▶ [MATERIAL FOR THIS EXERCISE]
####################

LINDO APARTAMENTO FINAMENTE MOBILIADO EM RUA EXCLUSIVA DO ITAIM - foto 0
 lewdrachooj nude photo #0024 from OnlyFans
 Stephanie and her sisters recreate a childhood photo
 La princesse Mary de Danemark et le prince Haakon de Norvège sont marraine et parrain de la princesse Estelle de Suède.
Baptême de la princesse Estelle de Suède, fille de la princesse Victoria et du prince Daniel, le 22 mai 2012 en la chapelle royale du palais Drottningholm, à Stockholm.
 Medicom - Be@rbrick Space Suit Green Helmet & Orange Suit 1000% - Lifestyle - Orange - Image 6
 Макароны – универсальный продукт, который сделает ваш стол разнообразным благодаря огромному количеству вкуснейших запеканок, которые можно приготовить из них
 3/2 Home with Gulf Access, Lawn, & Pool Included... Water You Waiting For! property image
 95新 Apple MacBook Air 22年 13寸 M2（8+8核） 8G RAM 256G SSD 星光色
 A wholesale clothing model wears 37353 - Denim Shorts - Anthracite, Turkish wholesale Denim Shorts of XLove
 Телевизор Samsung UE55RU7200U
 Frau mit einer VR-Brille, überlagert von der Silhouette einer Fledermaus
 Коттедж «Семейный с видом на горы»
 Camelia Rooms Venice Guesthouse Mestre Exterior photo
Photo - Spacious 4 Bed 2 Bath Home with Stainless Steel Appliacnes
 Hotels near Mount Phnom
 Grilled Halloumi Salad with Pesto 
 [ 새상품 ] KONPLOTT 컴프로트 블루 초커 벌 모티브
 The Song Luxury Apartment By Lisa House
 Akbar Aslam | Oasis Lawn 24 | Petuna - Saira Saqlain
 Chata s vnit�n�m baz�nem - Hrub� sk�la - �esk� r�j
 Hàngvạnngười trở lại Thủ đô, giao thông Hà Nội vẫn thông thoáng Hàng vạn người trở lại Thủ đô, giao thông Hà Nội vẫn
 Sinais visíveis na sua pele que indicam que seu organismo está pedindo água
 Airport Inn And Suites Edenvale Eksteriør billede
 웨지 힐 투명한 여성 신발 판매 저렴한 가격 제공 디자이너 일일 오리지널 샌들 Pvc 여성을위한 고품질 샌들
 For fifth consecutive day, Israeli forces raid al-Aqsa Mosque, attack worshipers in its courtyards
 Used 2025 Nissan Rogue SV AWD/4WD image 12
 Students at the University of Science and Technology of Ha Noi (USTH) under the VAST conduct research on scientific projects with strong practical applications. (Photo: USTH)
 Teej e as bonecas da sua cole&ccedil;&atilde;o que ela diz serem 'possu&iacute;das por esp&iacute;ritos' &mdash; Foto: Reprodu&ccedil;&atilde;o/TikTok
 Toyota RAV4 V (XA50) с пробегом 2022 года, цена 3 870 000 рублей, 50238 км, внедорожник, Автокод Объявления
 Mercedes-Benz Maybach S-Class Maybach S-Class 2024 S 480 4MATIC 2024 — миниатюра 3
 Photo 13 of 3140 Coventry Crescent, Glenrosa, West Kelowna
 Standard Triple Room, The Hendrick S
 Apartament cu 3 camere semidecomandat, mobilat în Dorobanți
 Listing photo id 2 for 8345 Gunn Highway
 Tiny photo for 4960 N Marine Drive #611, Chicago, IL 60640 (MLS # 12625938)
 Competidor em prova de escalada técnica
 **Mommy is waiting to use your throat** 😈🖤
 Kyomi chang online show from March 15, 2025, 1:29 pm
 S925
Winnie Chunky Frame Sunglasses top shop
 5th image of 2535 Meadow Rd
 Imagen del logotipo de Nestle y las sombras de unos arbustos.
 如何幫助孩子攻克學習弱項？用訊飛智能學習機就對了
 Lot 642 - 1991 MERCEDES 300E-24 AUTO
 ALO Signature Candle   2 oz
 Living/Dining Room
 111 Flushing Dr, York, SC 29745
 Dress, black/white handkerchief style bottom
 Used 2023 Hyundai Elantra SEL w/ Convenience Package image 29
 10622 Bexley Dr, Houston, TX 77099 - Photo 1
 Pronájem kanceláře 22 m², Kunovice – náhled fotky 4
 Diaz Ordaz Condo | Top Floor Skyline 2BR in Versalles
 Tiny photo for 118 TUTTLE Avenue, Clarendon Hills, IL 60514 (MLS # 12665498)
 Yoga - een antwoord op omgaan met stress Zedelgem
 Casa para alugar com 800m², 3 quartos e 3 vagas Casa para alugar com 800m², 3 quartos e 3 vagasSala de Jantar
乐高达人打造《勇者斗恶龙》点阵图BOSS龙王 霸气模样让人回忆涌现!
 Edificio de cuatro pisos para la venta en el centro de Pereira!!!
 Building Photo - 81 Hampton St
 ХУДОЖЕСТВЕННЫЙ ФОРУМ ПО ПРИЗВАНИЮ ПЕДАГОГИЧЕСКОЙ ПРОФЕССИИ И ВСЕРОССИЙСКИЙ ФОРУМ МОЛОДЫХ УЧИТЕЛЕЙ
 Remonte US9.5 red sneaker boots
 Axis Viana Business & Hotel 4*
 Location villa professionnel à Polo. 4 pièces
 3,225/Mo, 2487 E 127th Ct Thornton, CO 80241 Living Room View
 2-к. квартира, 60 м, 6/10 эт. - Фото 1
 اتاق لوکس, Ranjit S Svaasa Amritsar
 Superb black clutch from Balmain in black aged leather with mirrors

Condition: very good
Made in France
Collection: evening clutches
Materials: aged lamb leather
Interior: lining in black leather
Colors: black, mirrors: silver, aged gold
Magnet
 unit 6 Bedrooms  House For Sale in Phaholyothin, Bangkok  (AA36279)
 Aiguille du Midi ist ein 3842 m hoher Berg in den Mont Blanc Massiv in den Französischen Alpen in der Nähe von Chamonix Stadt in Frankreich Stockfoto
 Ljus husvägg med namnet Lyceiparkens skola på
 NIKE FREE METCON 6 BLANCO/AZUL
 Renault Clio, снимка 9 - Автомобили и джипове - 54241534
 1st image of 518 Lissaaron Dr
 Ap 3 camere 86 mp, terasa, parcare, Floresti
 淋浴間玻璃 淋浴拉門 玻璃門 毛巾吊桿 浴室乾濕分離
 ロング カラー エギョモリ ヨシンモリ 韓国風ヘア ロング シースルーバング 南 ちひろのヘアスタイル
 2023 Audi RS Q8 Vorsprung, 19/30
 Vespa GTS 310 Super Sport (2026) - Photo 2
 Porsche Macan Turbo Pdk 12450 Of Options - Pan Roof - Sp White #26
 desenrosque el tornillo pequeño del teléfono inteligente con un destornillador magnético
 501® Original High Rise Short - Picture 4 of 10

####################

▶ [WHAT YOU HAVE TO DO]
The output should be exactly the lines above from the line containing "Winnie Chunky Frame Sunglasses top shop" to the line containing "Living/Dining Room", inclusive, with no other lines.

▶ [TASK ANSWER]
Winnie Chunky Frame Sunglasses top shop
 5th image of 2535 Meadow Rd
 Imagen del logotipo de Nestle y las sombras de unos arbustos.
 如何幫助孩子攻克學習弱項？用訊飛智能學習機就對了
 Lot 642 - 1991 MERCEDES 300E-24 AUTO
 ALO Signature Candle   2 oz
 Living/Dining Room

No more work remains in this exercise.